Sur les grandes artères de la capitale congolaise, où les motos-taxis demeurent l’un des moyens de transport les plus rapides et les plus utilisés dans une ville marquée par des embouteillages, de nombreuses femmes alertent sur une pratique devenue courante : les attouchements et gestes déplacés commis non seulement par certains conducteurs, mais aussi par des passagers masculins installés derrière elles.
Pour beaucoup de Kinois, monter sur une moto est un geste quotidien ; pour de nombreuses femmes, c’est devenu une source d’angoisse. Devant l’entrée du marché de Matete, Clarisse Tshiodi, 27 ans, décrit une scène qu’elle dit voir régulièrement.
« Quand une femme arrive pour prendre une moto où il y a déjà un homme, l’homme descend et te dit de monter avant lui pour te protéger. On pense que c’est une bonne intention, mais dès que la moto démarre, tu sens sa main avancer vers ta taille ou tes hanches. Certains font semblant de s’accrocher, mais tu comprends très vite que ce n’est pas un accident », raconte-t-elle.
Au rond-point Ngaba, Mireille Lekuya, 24 ans, explique qu’elle évite désormais ce type de trajet.
« Une fois, le monsieur derrière moi a mis sa main sur ma cuisse en disant qu’il voulait juste se stabiliser. Mais sa main restait là. Tu es coincée entre lui et le chauffeur, et tu ne peux rien faire. Et parfois, ce sont même les conducteurs qui nous indisposent : ils freinent exprès pour te coller davantage. Je tiens toujours mon sac entre moi et le conducteur pour créer une barrière, mais si le passager derrière est un homme, je ne sais plus comment me protéger », confie-t-elle.
Au rond-point Victoire, dans une file d’attente improvisée, plusieurs étudiantes confient vivre ces situations presque tous les jours. Sandrine Mposhi, 21 ans, dit qu’elle préfère parfois marcher à pied sur de longues distances.
« Dès que l’homme se place derrière toi, tu sens son corps collé au tien, même quand il y a de l’espace. Si tu protestes, on te traite de compliquée. Et on ne peut même pas dire au chauffeur qu’on ne veut pas d’un passager derrière nous. Il te dit de trouver une autre moto ou de payer plus cher. Comme on est pressées et qu’on n’a pas toujours le choix, on accepte… et on subit », dit-elle.
Les femmes interrogées soulignent une même difficulté : identifier les auteurs.

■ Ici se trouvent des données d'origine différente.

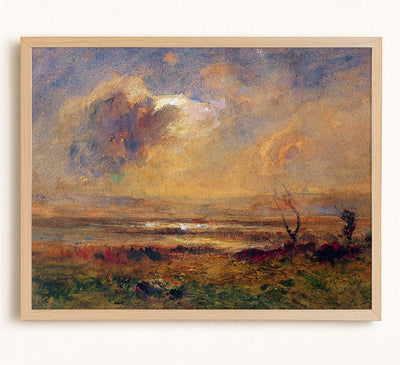Sunset on the Plain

Les motos s’arrêtent et repartent vite, les passagers descendent sans donner leur nom, et les victimes se retrouvent sans recours. Pour beaucoup, aller porter plainte semble impossible. Au marché Gambela, Béatrice Ikoma, 34 ans, explique.
« À la police, on nous demande des preuves. Comment veux-tu prouver qu’un inconnu t’a touchée sur une moto qui roulait ? On a l’impression que notre parole ne suffit jamais. Alors beaucoup abandonnent avant même d’essayer », affirme-t-elle.
D’autres femmes racontent avoir tenté de signaler les faits, mais sans succès. Rencontrée près de l’avenue Kasa-Vubu, Linda Bafwankoy, 29 ans, témoigne.
« Moi, je suis déjà allée au poste de police pour dénoncer un passager qui m’avait vraiment agressée. On m’a demandé s’il y avait des témoins. Comme non, on m’a dit que c’était compliqué. J’ai eu l’impression qu’on me décourageait. Pourtant, ces choses arrivent tout le temps », souligne-t-elle.
Pour certaines, l’essentiel est que ces situations ne soient plus minimisées. Judith Mola, 30 ans, rencontrée à Bandal, exprime un sentiment partagé par beaucoup.
« Les motos sont censées nous aider à gagner du temps, pas à perdre notre dignité. Il faut que les autorités trouvent des solutions pour que chacun se déplace sans peur. Ce n’est pas normal qu’on vive ça et qu’on nous demande de nous taire », a-t-elle conclu.